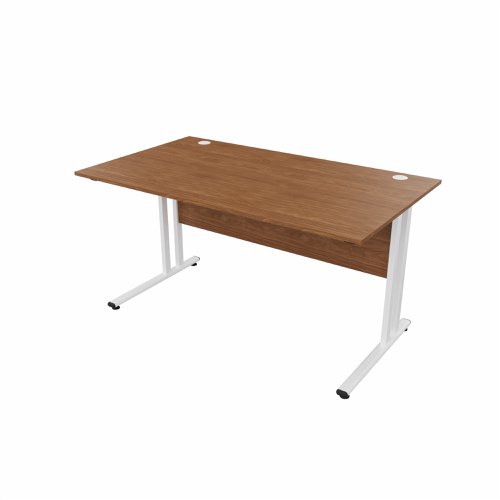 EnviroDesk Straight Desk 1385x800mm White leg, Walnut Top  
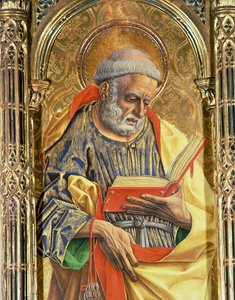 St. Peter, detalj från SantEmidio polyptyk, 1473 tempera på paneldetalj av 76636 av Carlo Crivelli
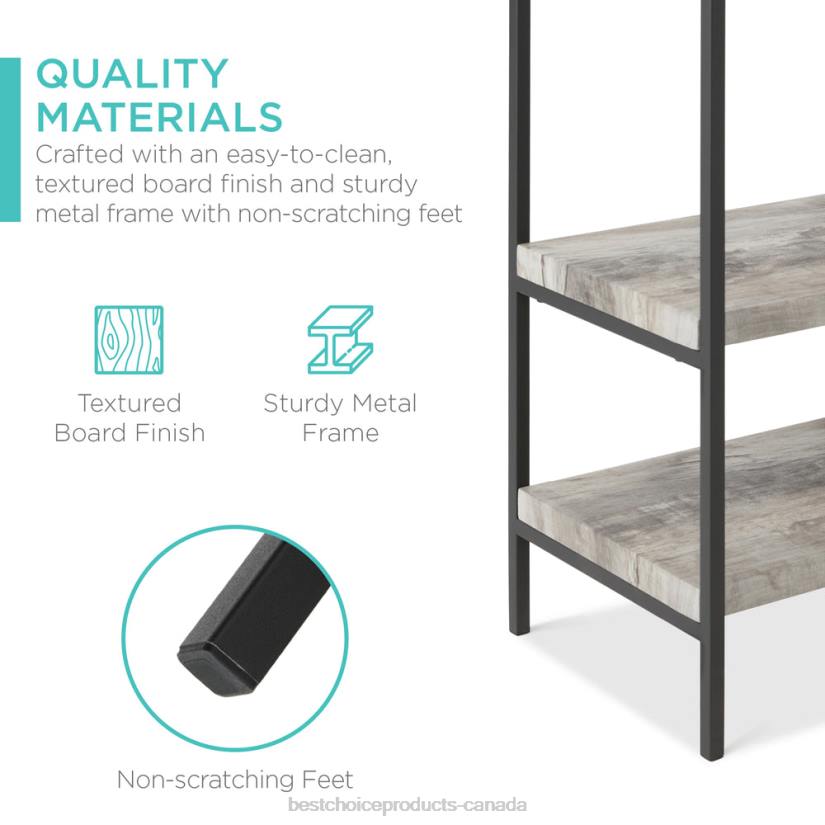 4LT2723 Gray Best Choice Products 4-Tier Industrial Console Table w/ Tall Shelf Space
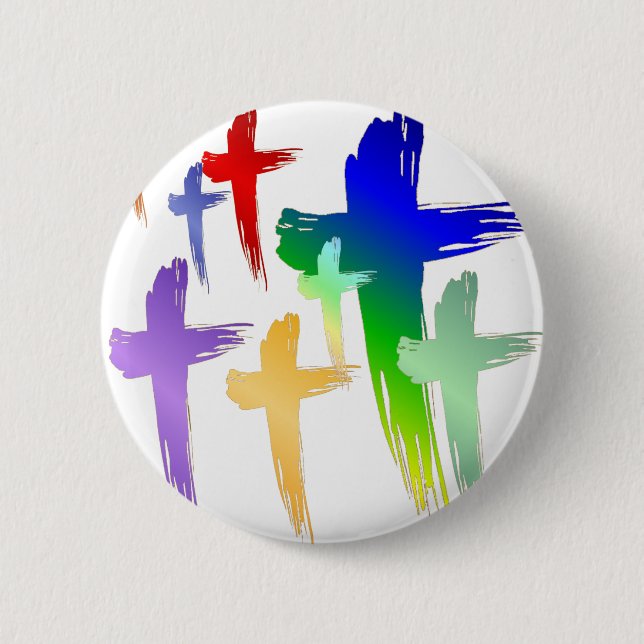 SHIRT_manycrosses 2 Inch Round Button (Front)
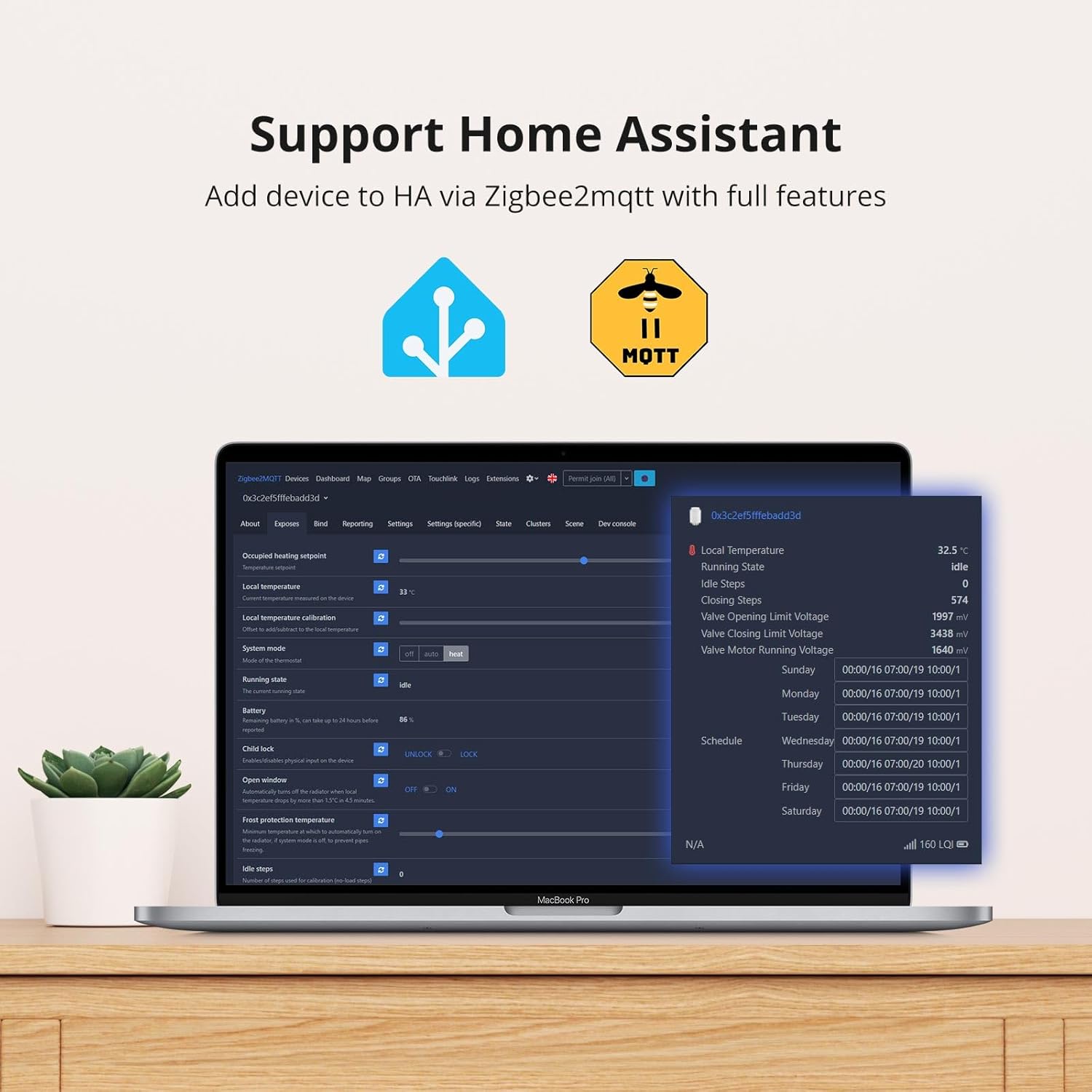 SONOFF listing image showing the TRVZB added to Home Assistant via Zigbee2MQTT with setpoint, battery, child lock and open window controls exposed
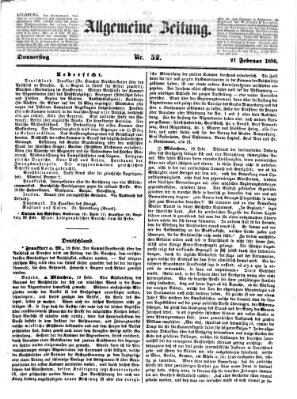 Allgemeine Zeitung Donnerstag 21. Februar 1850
━━━━━━━━━━━━━━━━
WORK TO COMPLETE. The whole listing above is to be repeated exactly, apart from its pictures.

ANSWER FOR THIS EXERCISE.
 EnviroDesk Straight Desk 1385x800mm White leg, Walnut Top  
 St. Peter, detalj från SantEmidio polyptyk, 1473 tempera på paneldetalj av 76636 av Carlo Crivelli
 4LT2723 Gray Best Choice Products 4-Tier Industrial Console Table w/ Tall Shelf Space
 SHIRT_manycrosses 2 Inch Round Button (Front)
 SONOFF listing image showing the TRVZB added to Home Assistant via Zigbee2MQTT with setpoint, battery, child lock and open window controls exposed
 Allgemeine Zeitung Donnerstag 21. Februar 1850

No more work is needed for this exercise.